Collector connection 22c is provided for one needle, to be connected to terminal 1. A second transistor 22a' also has a base-drive connection to potentiometer 20a, and a separate collector connection 22c' to terminal 2 for a separate needle; and it has a corresponding cluster of emitter resistors 22b'. Additional terminals 3 to N have respective current-pulse generators. Electrode 14 is to be connected to line 38 which is connected to the negative terminal of D-C supply 24, the rest of the circuit being energized by the positive terminal of the D-C supply.

The circuit described is advantageously energized by a 60-volt D-C supply, being a relatively safe voltage even in case of component failure. The pulses may be 0.5 to 100 milliseconds long, with a repetition rate that may be adjusted as desired, from zero to 100 pulses per second and another range from 100 to 2,000 pulses per second.

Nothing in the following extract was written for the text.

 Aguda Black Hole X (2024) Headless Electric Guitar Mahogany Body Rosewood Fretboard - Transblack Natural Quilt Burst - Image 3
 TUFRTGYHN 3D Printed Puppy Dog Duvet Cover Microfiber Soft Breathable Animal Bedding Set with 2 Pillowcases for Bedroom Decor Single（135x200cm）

The reading of indicator 34 provides a direct measurement of the output of potentiometer 22a. However, this is proportional to the resulting current levels of needles connected to terminals 1, 2, etc., where the corresponding emitter resistors 22b are selected in the related output circuits.

The foregoing represents an exemplary embodiment for achieving the purposes of the invention. However, it is readily susceptible of variation in details and proportions within the skill of the art, and consequently the invention should be construed in accordance with its full spirit and scope.

Claims

What is claimed is:

1. Acupuncture apparatus including multiple metal electrodes at least one of which is a needle of about five thousandths of an inch thick and about one-half inch to 6 inches in length for insertion into a patient's body at an acupuncture point and electrical energizing means for oppositely energizing said needle and another of said electrodes, said electrical energizing means including means for providing pulses to the needle in the frequency range between a value approaching zero and 2,000 pulses per second, and said energizing means having impedance means for regulating the current supplied to said needle having a minimum impedance of about 1 megohm at the pulse frequency, whereby the needle is supplied with essentially constant current which is affected only secondarily by varied body-impedances of patients.

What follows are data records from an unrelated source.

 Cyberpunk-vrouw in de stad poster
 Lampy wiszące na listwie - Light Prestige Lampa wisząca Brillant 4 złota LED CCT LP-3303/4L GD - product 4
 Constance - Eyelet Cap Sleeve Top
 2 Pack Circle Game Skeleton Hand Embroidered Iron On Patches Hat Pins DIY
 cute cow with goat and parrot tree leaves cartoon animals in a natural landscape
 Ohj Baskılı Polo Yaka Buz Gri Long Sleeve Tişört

2. Acupuncture apparatus in accordance with claim 1, wherein said pulses are unipolar.

3. Acupuncture apparatus in accordance with claim 1, including plural needles and wherein separate impedance means is included in said energizing means for regulating the current pulses as aforesaid to each of said plural needles.

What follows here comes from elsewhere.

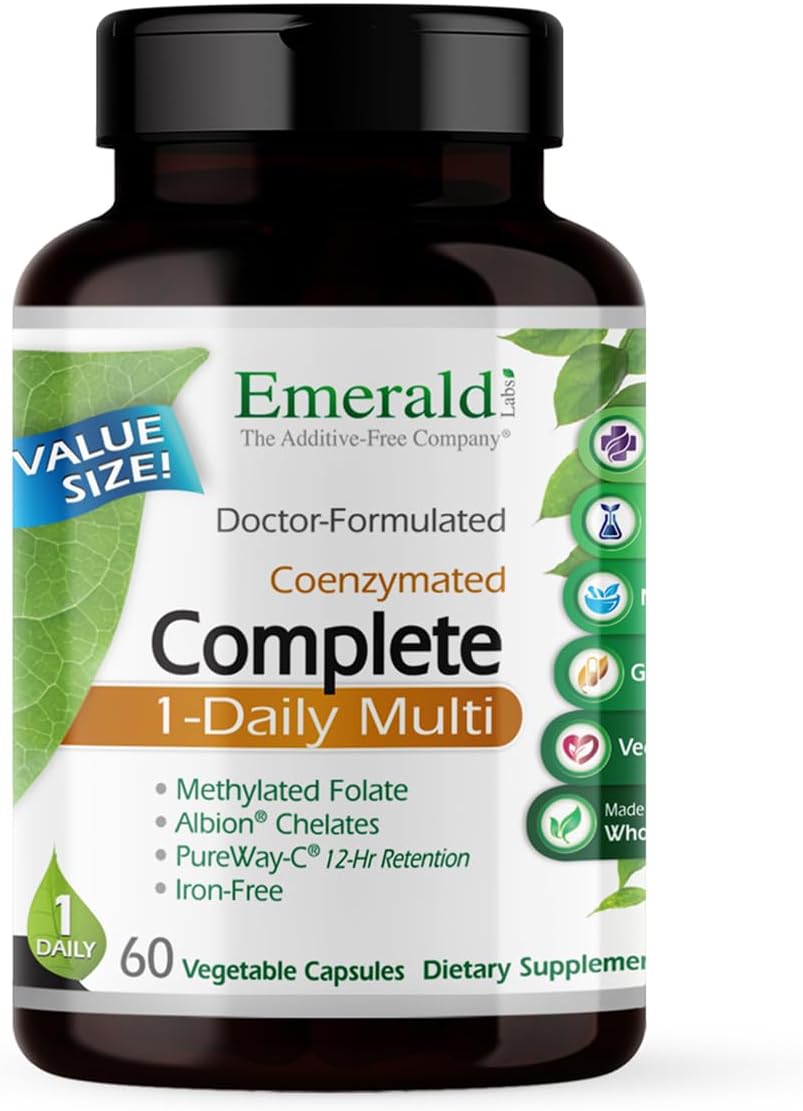 EMERALD LABS Complete 1-Daily Multi - Multivitamínico completo para hombres y mujeres con vitamina C, folato metilado y mezcla de alimentos integrales - 30 cápsulas vegetales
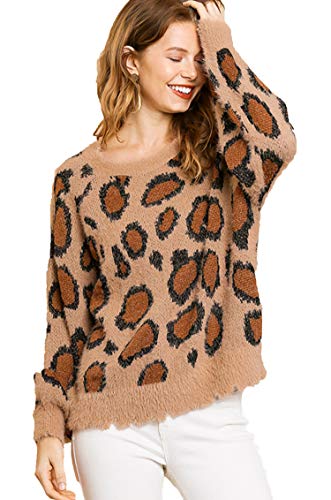 Umgee Womens Fuzzy Animal Print Pull Over Sweater (S, Latte) #TOP5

4. Acupuncture apparatus in accordance with claim 1, further including means for adjusting the impedance means selectively to values ranging from a minimum of about one megohm as aforesaid to many megohms, whereby the needle current is subject to deliberate variation by the user of the apparatus with no more than secondary modification of the current due to varied body-impedances of patients.